39 République Démocratique du Congo et Organisation Internationale de la Francophonie, (2009), op.cit. PP 165- 168
40 Ibid, P. 114
Cela étant, plusieurs débats politiques ont eu lieu au cours des 9 premiers mois de l’année 2007 au sujet des recettes à caractère national et ont débouché sur des arrangements qu’il conviendrait de signaler aussi dans ce travail.
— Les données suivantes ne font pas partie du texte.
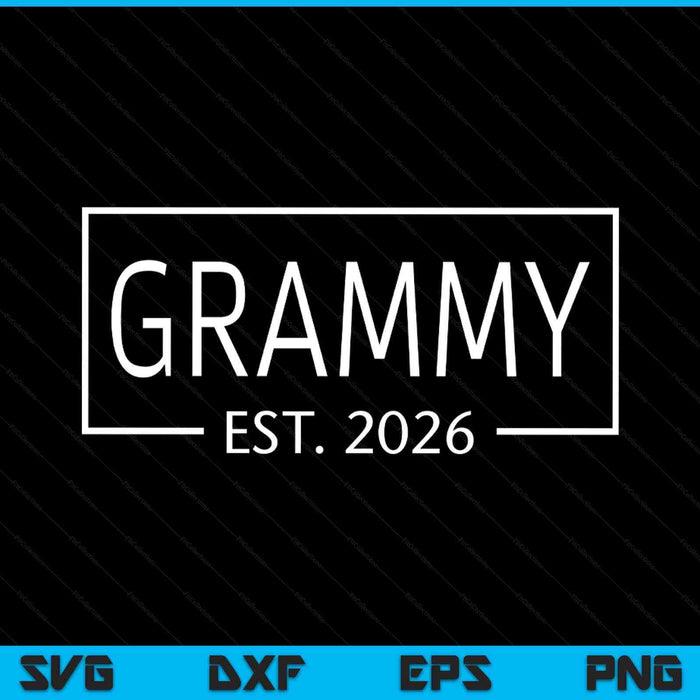 Grammy est 2026 promoted to grammy 2026 pregnancy announcement SVG cut file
Il s’agit du consensus dégagé par le Forum National sur la Décentralisation qui, à l’initiative du Gouvernement et de la Société Civile, a eu lieu du 3 au 5 octobre 2007 et a réuni plus de 300 délégués représentant le Gouvernement Central, l’Assemblée Nationale, le Sénat, les Assemblées Provinciales, les Gouvernements Provinciaux, la Société Civile, les chefs coutumiers et les partenaires au développement.
En permettant l’approfondissement des analyses pour assurer le transfert de 40% des recettes aux provinces et promouvoir un système financier viable pour les entités territoriales décentralisées, ledit forum a, de manière consensuelle, arrêté ce qui suit :
1° Les recettes jugées attribuables et localisables, c’est-à-dire les recettes réalisées dans chaque province par la Direction Générale des Impôts (DGI) et la Direction Générale des Recettes Administratives, Domaniales et de Participation (DGRAD) seront, après déduction de la rétrocession au personnel de 5% pour la DGI et 10% pour la DGRAD, automatiquement retenues à la source ;
2° Les recettes non identifiables et pas localisables, c’est-à-dire les recettes réalisées par l’Office des Douanes et Accises (OFIDA) et la Direction des Grandes Entreprises (DGE) de la Direction Générale des Impôts, seront, quant à elles, réparties entre les provinces en fonction du poids démographique ;
3° Les recettes pétrolières, en ce qui les concerne, ne seront pas rétrocédées, mais serviront, sur l’insistance du Fonds Monétaire International (FMI) à l’allègement de la dette extérieure, au moins jusqu’à l’atteinte du point d’achèvement des mécanismes de l’initiative PPTE41.
Le consensus ainsi dégagé s’intègre désormais à l’ensemble des textes de base instituant les règles de conduite à suivre et à respecter pour la mise en oeuvre et la réussite de la décentralisation financière en RDC.
Cette régulation bienveillante sous-entend des objectifs à atteindre et des implications d’action pour les différents intervenants.